*Your task*
With the pictures excluded, retype the records that follow exactly.

*Recorded data*
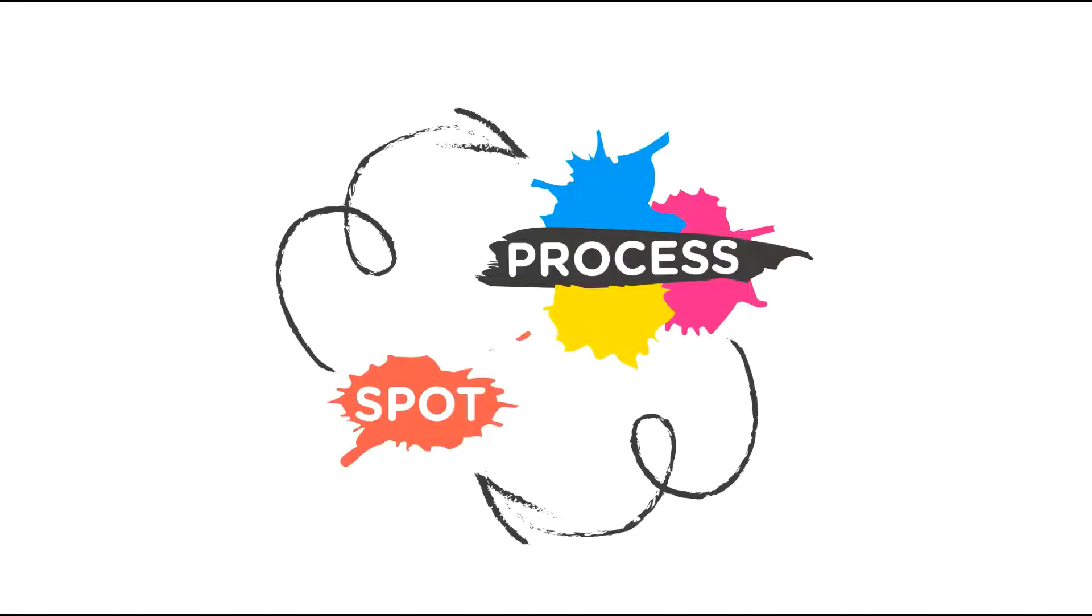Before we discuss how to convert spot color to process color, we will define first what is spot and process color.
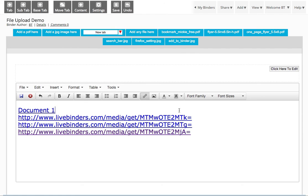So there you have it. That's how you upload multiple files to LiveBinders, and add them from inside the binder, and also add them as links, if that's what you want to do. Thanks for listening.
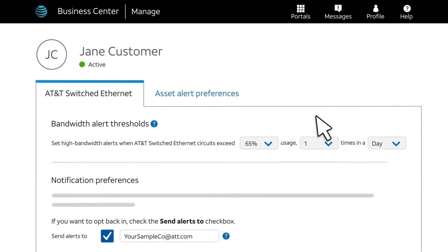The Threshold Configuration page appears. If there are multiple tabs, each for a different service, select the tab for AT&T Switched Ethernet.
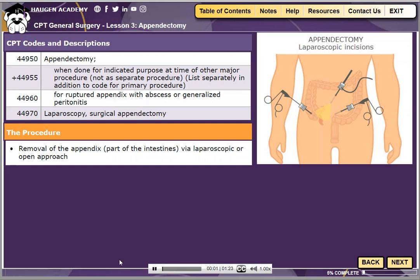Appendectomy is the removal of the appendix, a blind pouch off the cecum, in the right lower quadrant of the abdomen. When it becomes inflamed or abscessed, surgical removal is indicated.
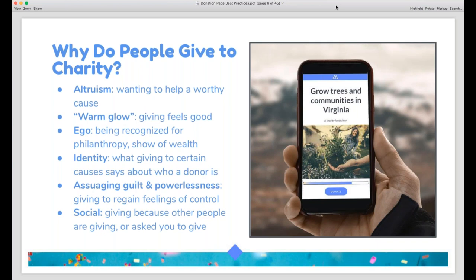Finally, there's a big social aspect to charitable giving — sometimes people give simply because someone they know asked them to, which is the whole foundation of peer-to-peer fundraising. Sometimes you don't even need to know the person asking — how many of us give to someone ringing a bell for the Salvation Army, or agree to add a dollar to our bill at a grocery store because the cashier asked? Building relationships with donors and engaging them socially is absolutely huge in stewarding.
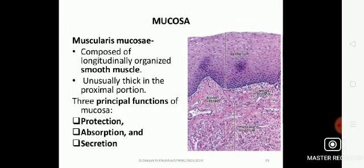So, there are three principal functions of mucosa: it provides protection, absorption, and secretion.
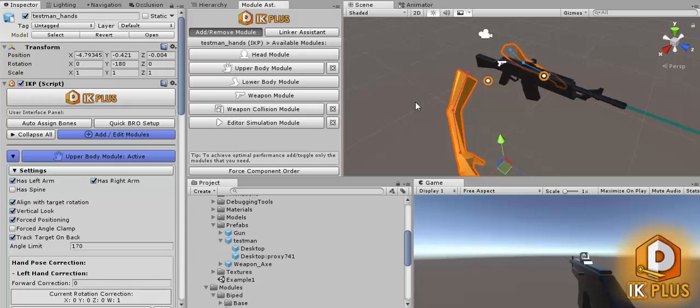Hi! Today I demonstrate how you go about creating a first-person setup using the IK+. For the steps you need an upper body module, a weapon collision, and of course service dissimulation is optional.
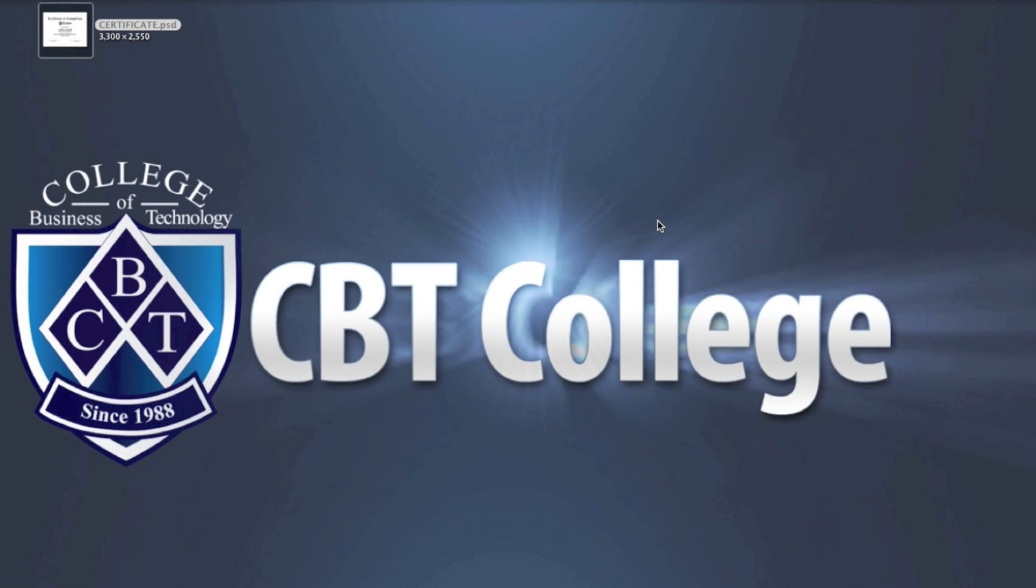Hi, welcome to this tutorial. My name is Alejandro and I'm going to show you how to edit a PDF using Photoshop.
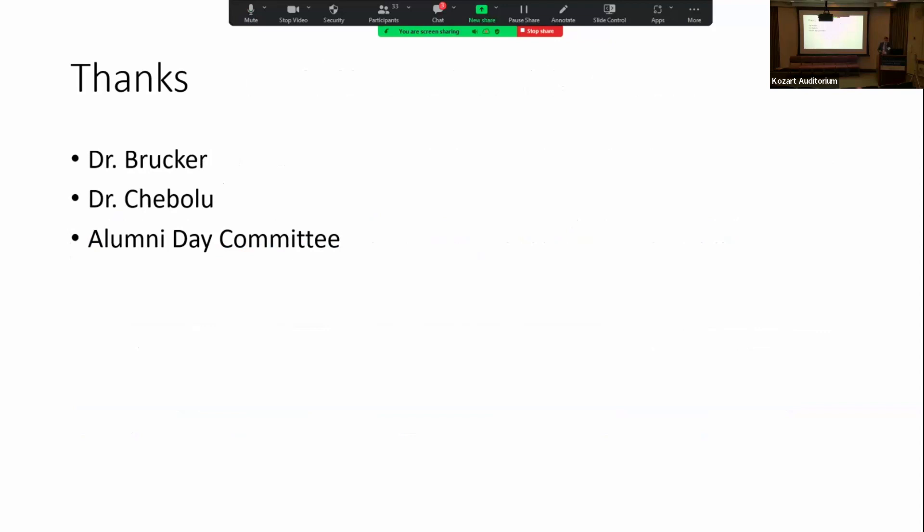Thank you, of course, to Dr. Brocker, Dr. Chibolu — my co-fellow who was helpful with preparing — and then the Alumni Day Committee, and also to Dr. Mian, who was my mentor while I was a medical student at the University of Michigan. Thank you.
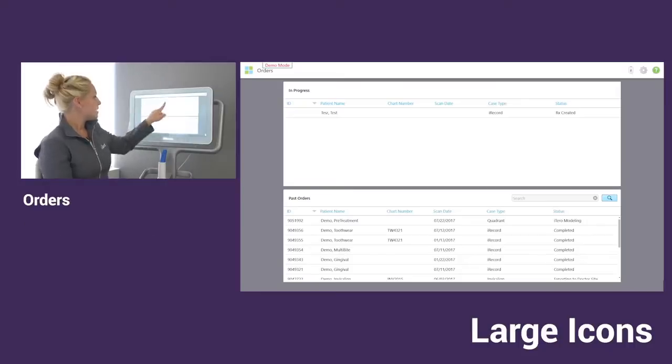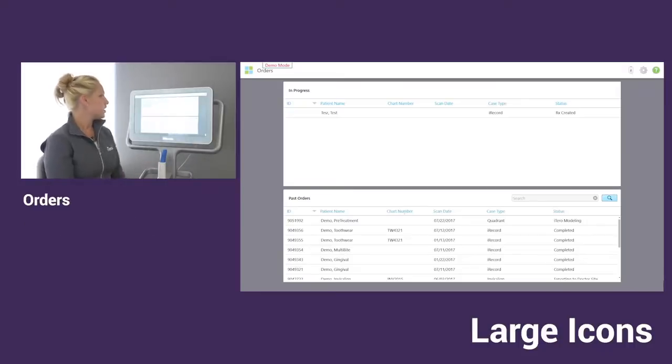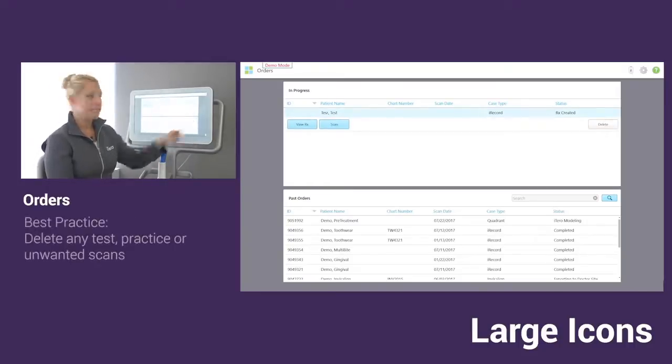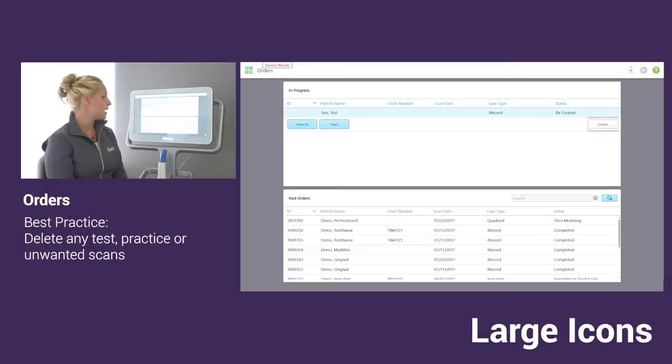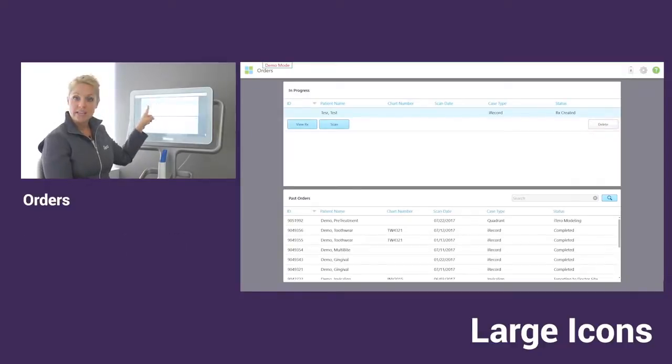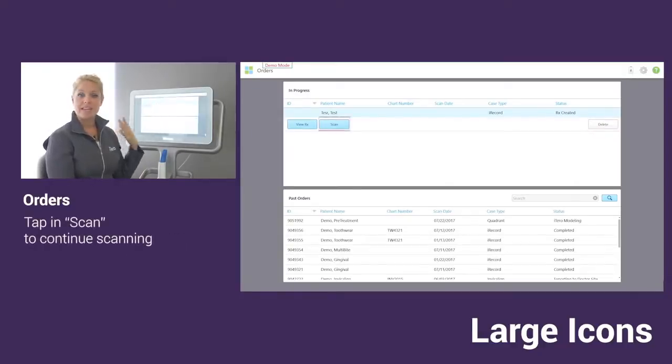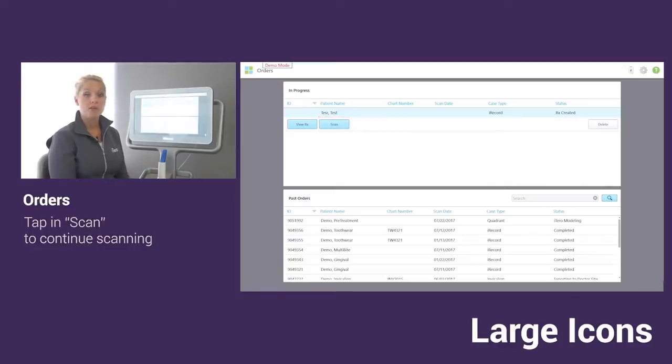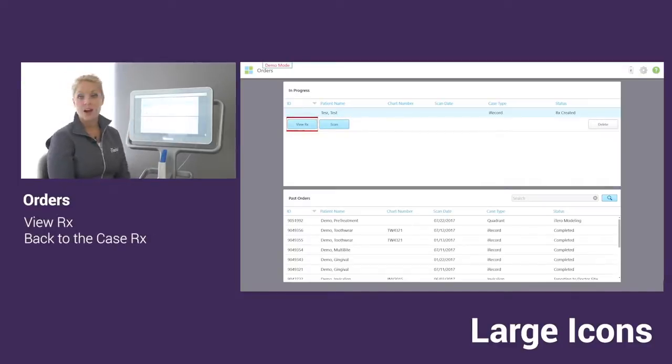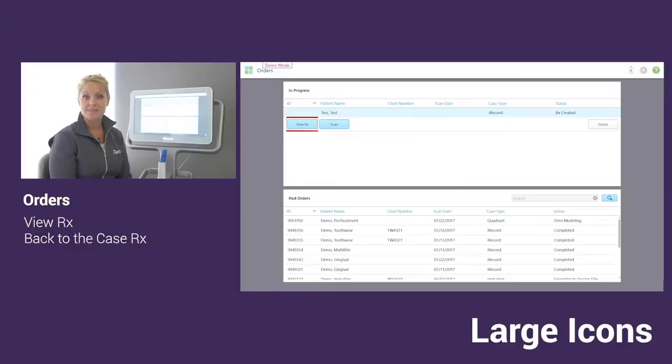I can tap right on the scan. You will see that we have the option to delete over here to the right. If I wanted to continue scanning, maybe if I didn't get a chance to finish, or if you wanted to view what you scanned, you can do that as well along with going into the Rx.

*Response to the exercise*
Before we discuss how to convert spot color to process color, we will define first what is spot and process color.
So there you have it. That's how you upload multiple files to LiveBinders, and add them from inside the binder, and also add them as links, if that's what you want to do. Thanks for listening.
The Threshold Configuration page appears. If there are multiple tabs, each for a different service, select the tab for AT&T Switched Ethernet.
Appendectomy is the removal of the appendix, a blind pouch off the cecum, in the right lower quadrant of the abdomen. When it becomes inflamed or abscessed, surgical removal is indicated.
Finally, there's a big social aspect to charitable giving — sometimes people give simply because someone they know asked them to, which is the whole foundation of peer-to-peer fundraising. Sometimes you don't even need to know the person asking — how many of us give to someone ringing a bell for the Salvation Army, or agree to add a dollar to our bill at a grocery store because the cashier asked? Building relationships with donors and engaging them socially is absolutely huge in stewarding.
So, there are three principal functions of mucosa: it provides protection, absorption, and secretion.
Hi! Today I demonstrate how you go about creating a first-person setup using the IK+. For the steps you need an upper body module, a weapon collision, and of course service dissimulation is optional.
Hi, welcome to this tutorial. My name is Alejandro and I'm going to show you how to edit a PDF using Photoshop.
Thank you, of course, to Dr. Brocker, Dr. Chibolu — my co-fellow who was helpful with preparing — and then the Alumni Day Committee, and also to Dr. Mian, who was my mentor while I was a medical student at the University of Michigan. Thank you.
I can tap right on the scan. You will see that we have the option to delete over here to the right. If I wanted to continue scanning, maybe if I didn't get a chance to finish, or if you wanted to view what you scanned, you can do that as well along with going into the Rx.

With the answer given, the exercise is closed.